### What to do
The records that follow are to be repeated exactly, with no pictures carried over.

##### Data to process

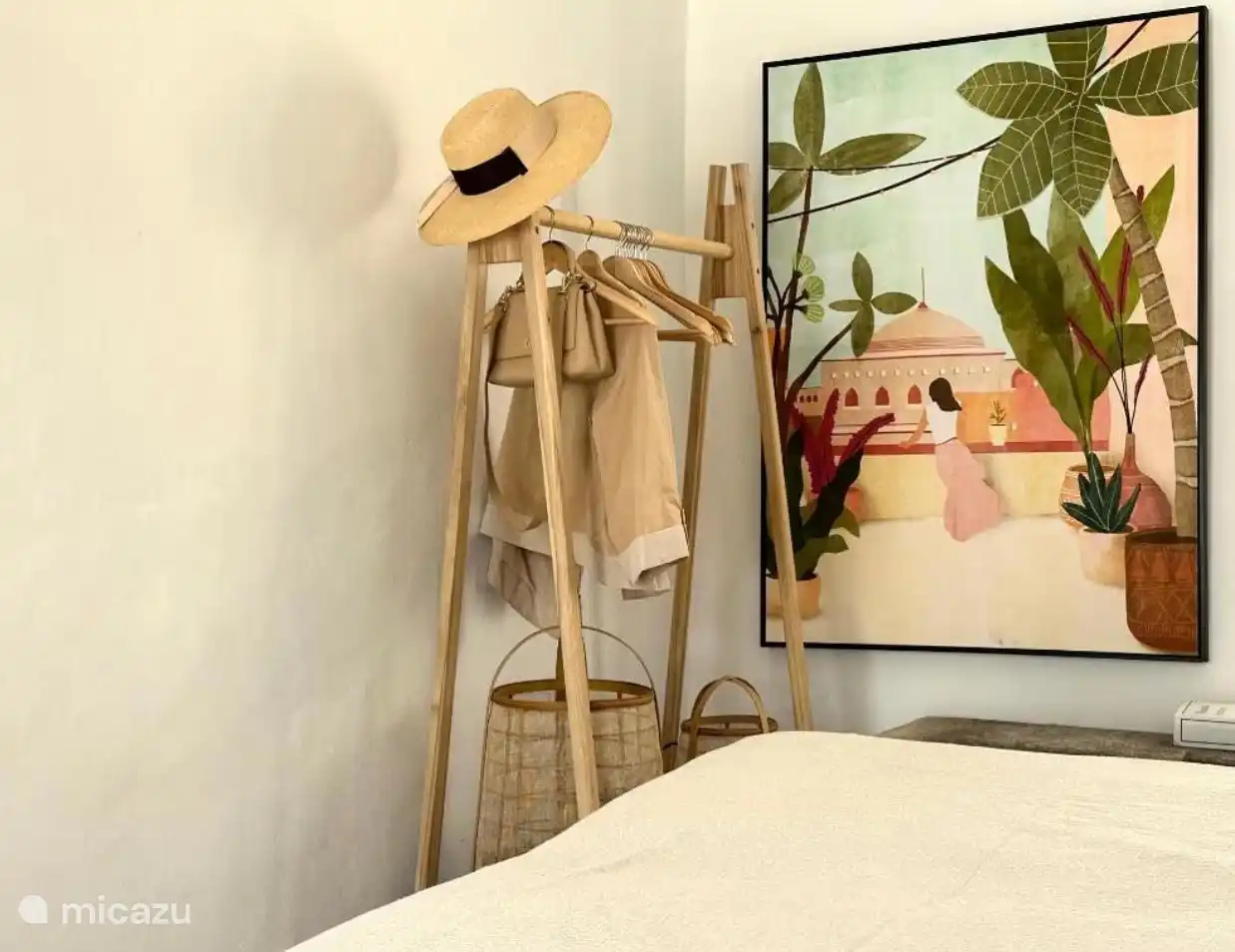 Chambre pour 2 personnes au deuxième étage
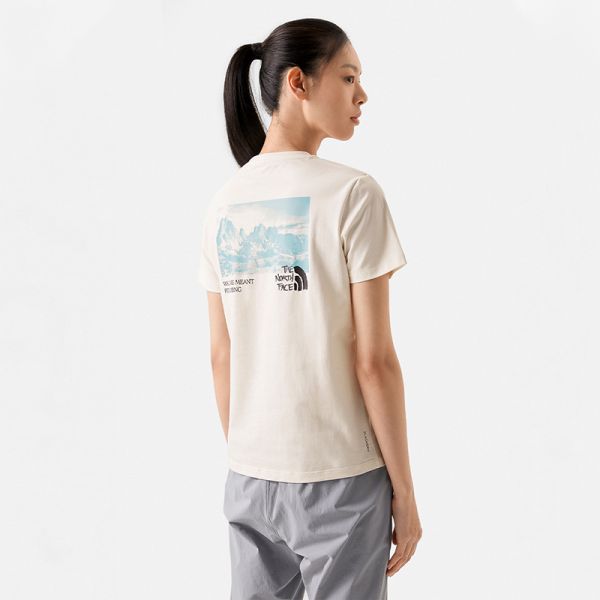 TheNorthFace北面短袖T恤女户外舒适透气上新|7WFG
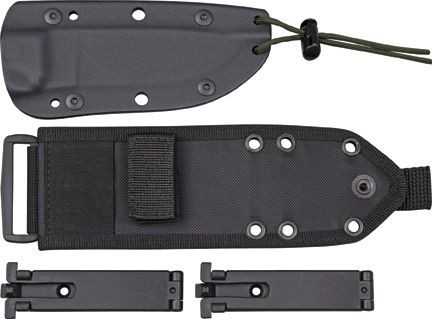 ESEE MODEL 4 PLAIN EDGE WITH SHEATH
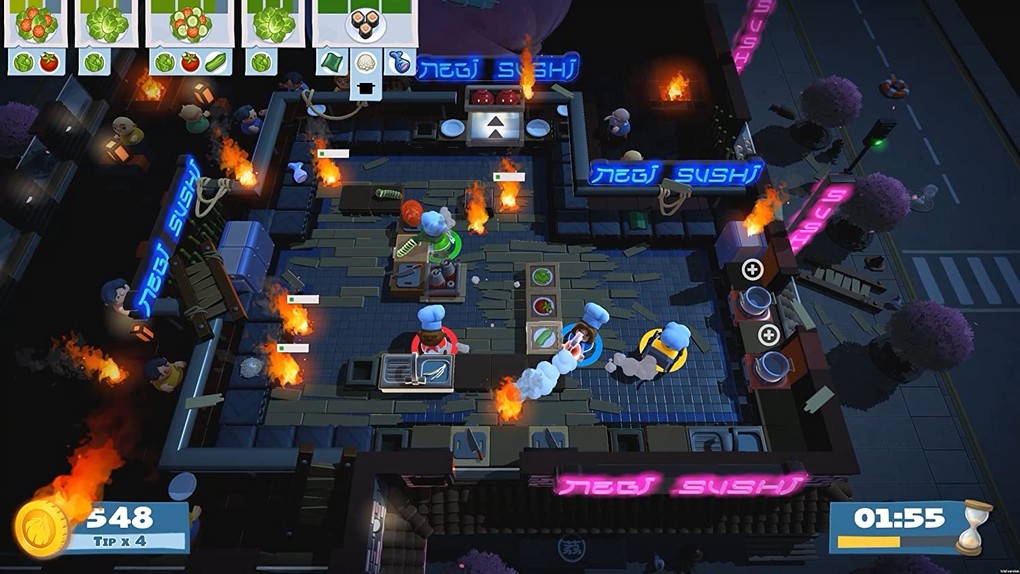 Weitere Ansicht: OVERCOOKED 2 (Nintendo Switch)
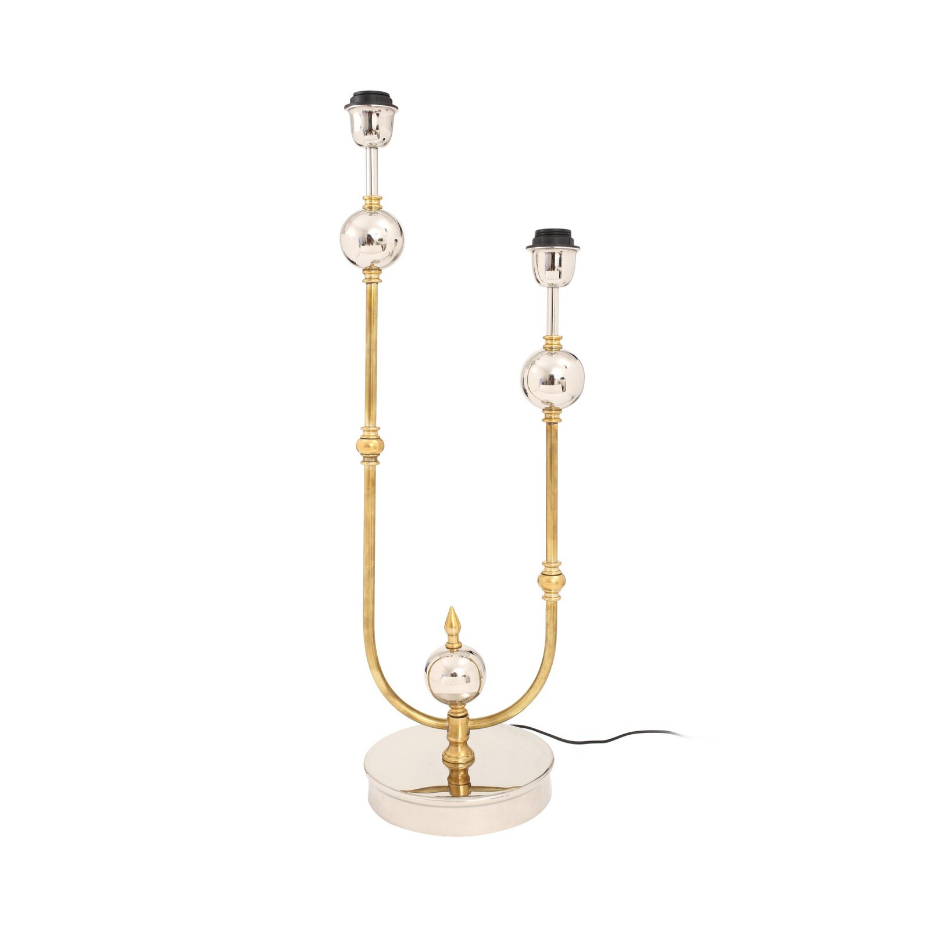 Lampe de salon en acier Cosima 425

##########

### Output for this exercise
 Chambre pour 2 personnes au deuxième étage
 TheNorthFace北面短袖T恤女户外舒适透气上新|7WFG
 ESEE MODEL 4 PLAIN EDGE WITH SHEATH
 Weitere Ansicht: OVERCOOKED 2 (Nintendo Switch)
 Lampe de salon en acier Cosima 425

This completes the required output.